Where Are You Most Content Essay Writing

Let’s start with the question you asked yourself that led you to this blog post: “WHAT DO THEY WANT TO HEAR?!” Here’s the answer: nothing. There isn’t one right answer. Repeat and internalize that. The purpose of these questions, like the Columbia short answer questions, is to get to know you. Think about it: if you heard someone’s favorite snack was a kale salad, you would think of them differently than someone who answered ‘Cheetos.’ Remember that everything you put in any application represents who you are, and while the admissions committee is going to analyze your answers to some extent, don’t freak out. These answers are just an extension of you. It’s not complicated, so don’t overcomplicate it, but by all means be thoughtful. As a rule of thumb, don’t try to stand out by being controversial, and definitely don’t lie. That being said, there truly is no wrong answer as long as you don’t go for the most boring/obvious/provocative option for everything.
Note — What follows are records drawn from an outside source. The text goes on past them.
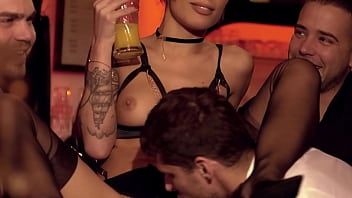 Play Nikita Bellucci in front of 4 men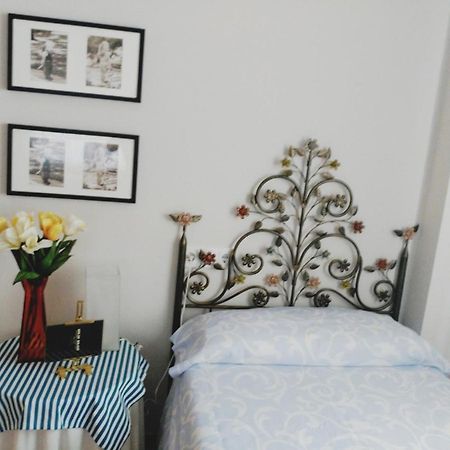 2 La Casa De Marilo Apartment Tomares Ngoại thất bức ảnh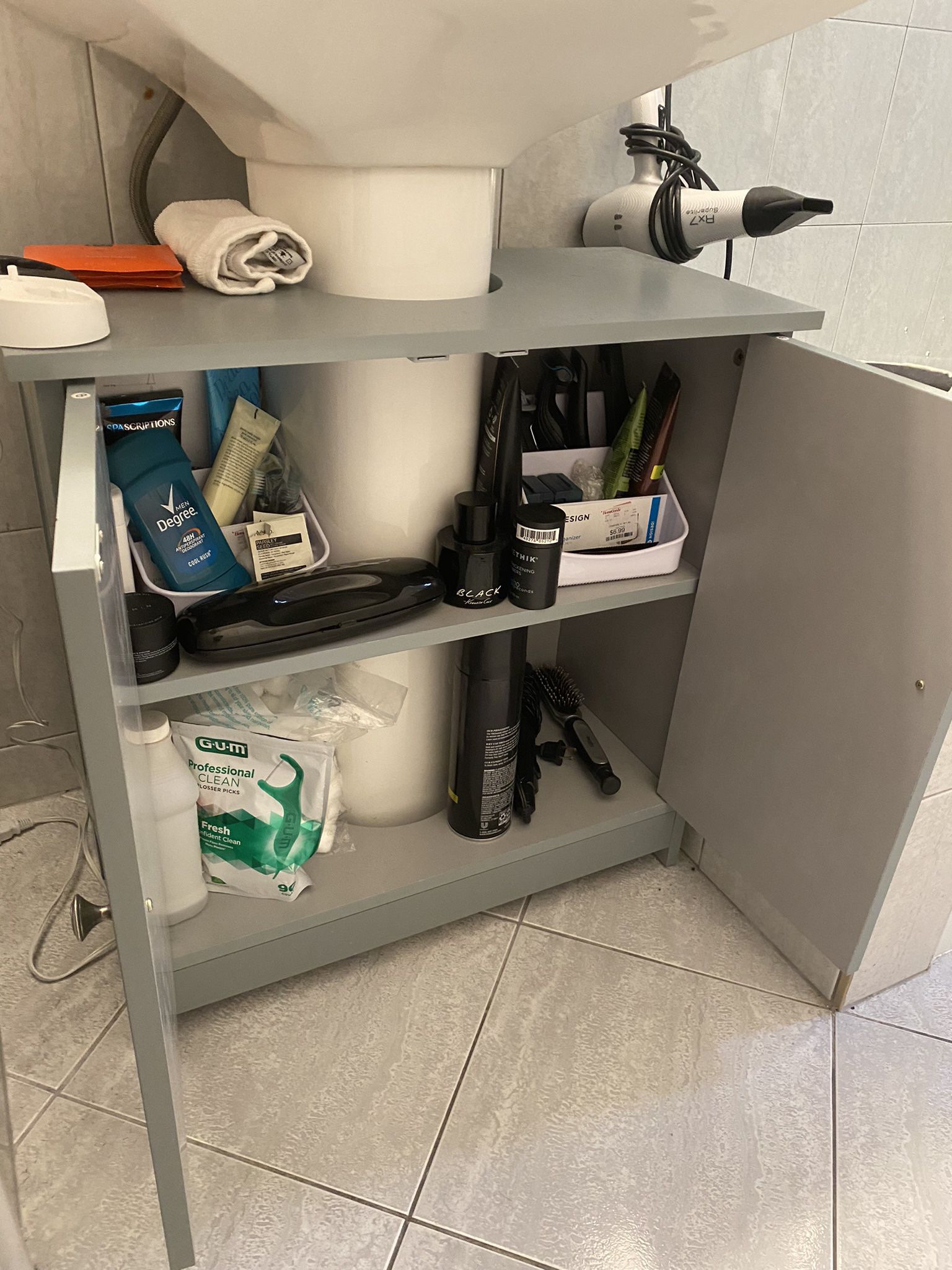 Pedestal Sink Cabinet For Storage for Sale in Carpentersvle, IL - OfferUp
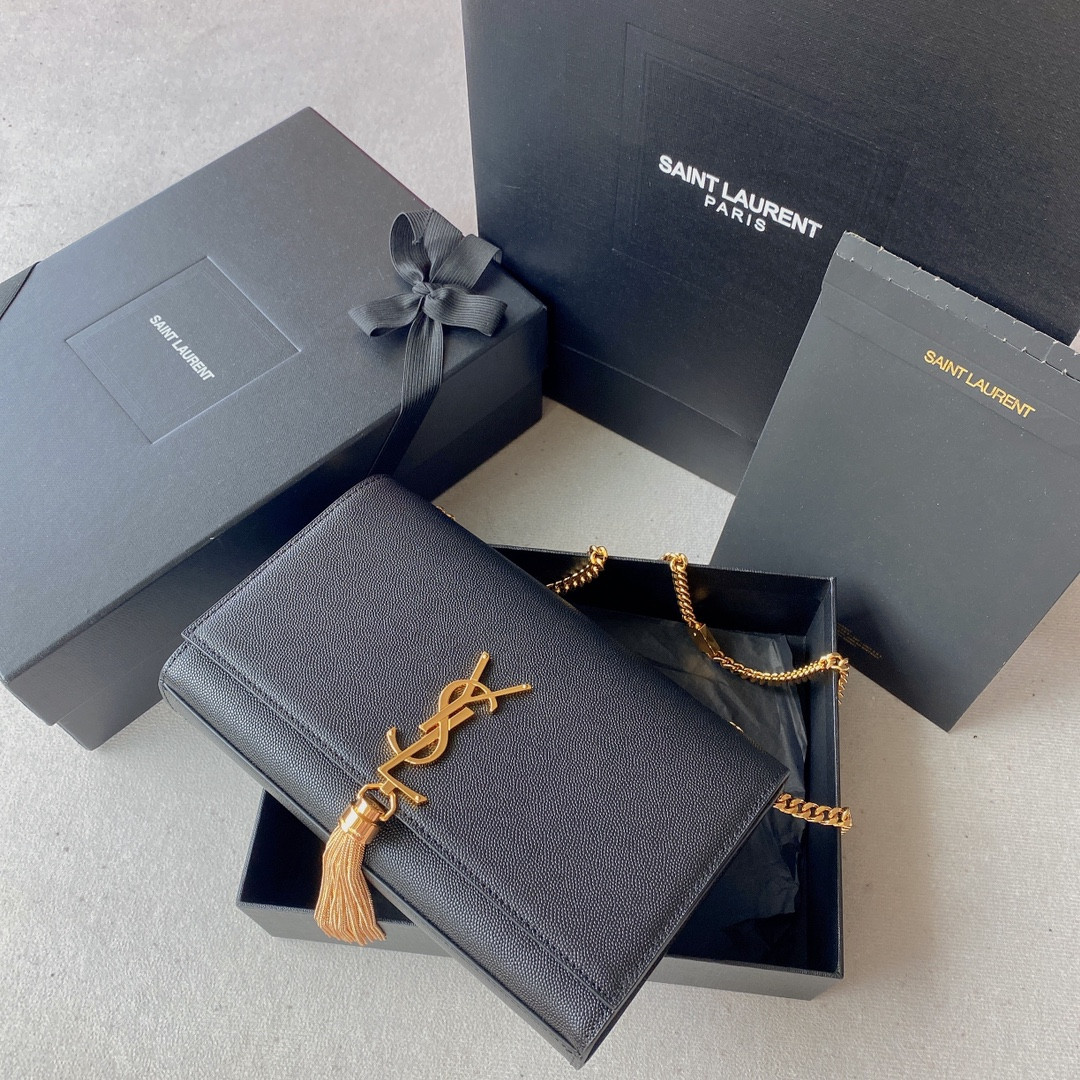 YSL KATE MEDIUM IN GRAIN DE POUDRE EMBOSSED LEATHER BLACK 9.4 X 5.7 X 2.1 INCHES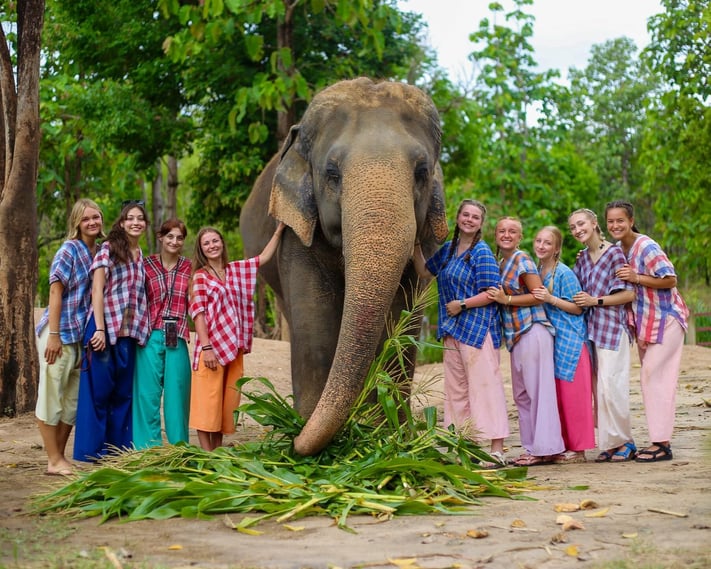 ILP volunteers in Thailand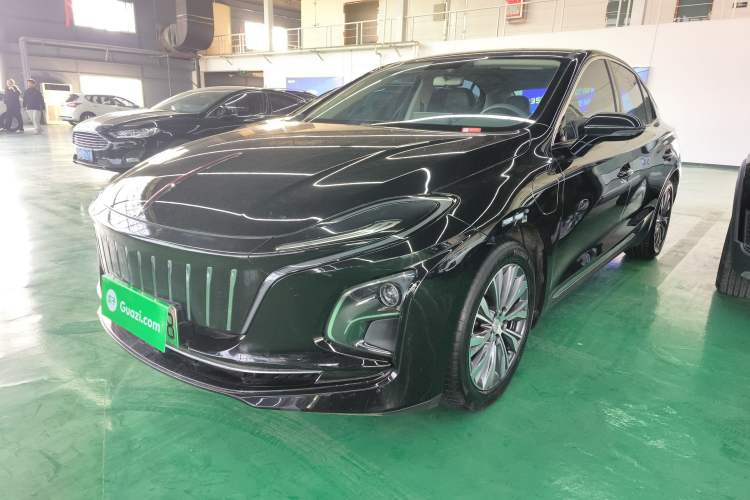 Used Hongqi E-QM5 2022 431 km Charge & Enjoy Edition
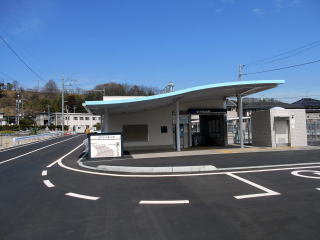 廃線を復活させて延伸した可部線の終着駅、あき亀山の駅舎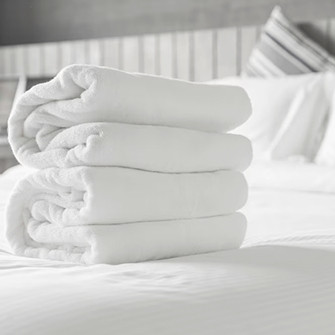 Törölközők, fürdőköntösök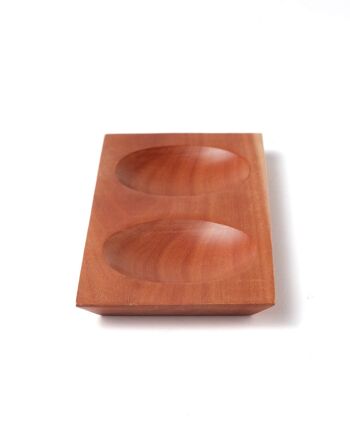 Assiette de service en bois Sawo Roti, fabriquée en Indonésie par des artisans, hauteur 1 cm longueur 14 cm profondeur 7,5 cm. 2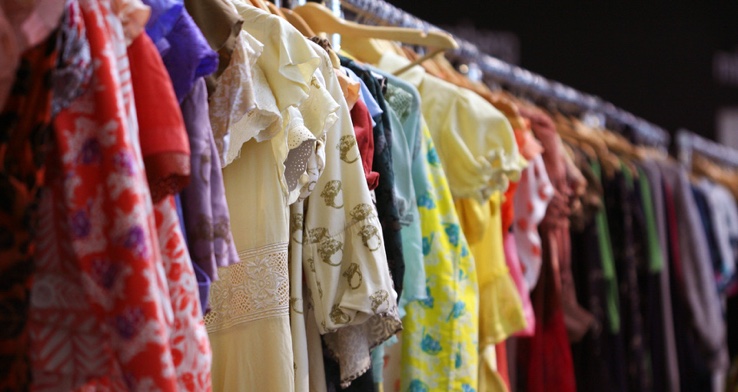 Kleiderschrank - Check, Wiederbelebung der vorhandenen Garderobe, Fehlkäufe aussortieren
In summary, we offer the following mantras:

  1. There is no right/wrong answer

  2. Trust your gut instinct

  3. Don’t take this too seriously

  4. Embrace your weirdness

Now let’s get going. Here are the USC Short Answer Questions with our explanations:

Describe yourself in three words.
First Word:
Second Word:
Third Word:

For this question, we have our students text a minimum of five friends and ask them for three adjectives they’d use to describe the student. Those adjectives always end up falling into a few categories, so we help our students take the answers they receive, and either select or brainstorm the best adjective in each category. For example, if a student receives texts from friends that say, “leader, over-achiever, hard-working,” we might suggest “ambitious.” This is just one of many ways to answer this short answer question, but we find it always produces well-rounded answers. We realize that this says “words” not “adjectives,” so we give you permissions to write “always eating tacos” if you feel that that’s more of who you are.

Rules to follow for this question:

  1. Don’t use empty words like ‘nice,’ ‘fun,’ or ‘outgoing.’ These words say nothing about you.

  2. Avoid most cultural references, particularly achingly timely ones that may be fleeting—i.e.: don’t write “young, scrappy, hungry” as your answer.

  3. If you’re going to go with a funny answer, make sure the answers to the following questions match your tonal mark.

What is your favorite snack?

Use this question to let the reader into your home. If you have an interesting background or tradition centered on food, this is a good time to show it. So, for example, if you’re Hungarian and your favorite snack is Chicken Paprikash, let them know. It’ll allow a small window into your life. Again, there is no wrong answer here, but again, don’t be boring. Everyone likes pasta. Everyone loves pizza.

Favorite app/website:

This is your chance to amplify one of your interests. Don’t try to sound smart—your favorite website is probably not The Economist. Go for niche or esoteric websites that they might not have heard of previously, but that you genuinely enjoy checking. We suggest avoiding Snapchat, Instagram, and Facebook as answers for all of the obvious reasons.  

Best movie of all time:

Our students get very anxious about this answer in particular because everyone has opinions on movies and they don’t want their answer to seriously conflict with the opinion of the person reading it. Again, there is no wrong answer. Have we said that enough? Just make sure your answer says something about your personality and interests. Don’t overthink it. (If you’re wondering, we think Spy Kids 2 and Casablanca are the best movies of all time.)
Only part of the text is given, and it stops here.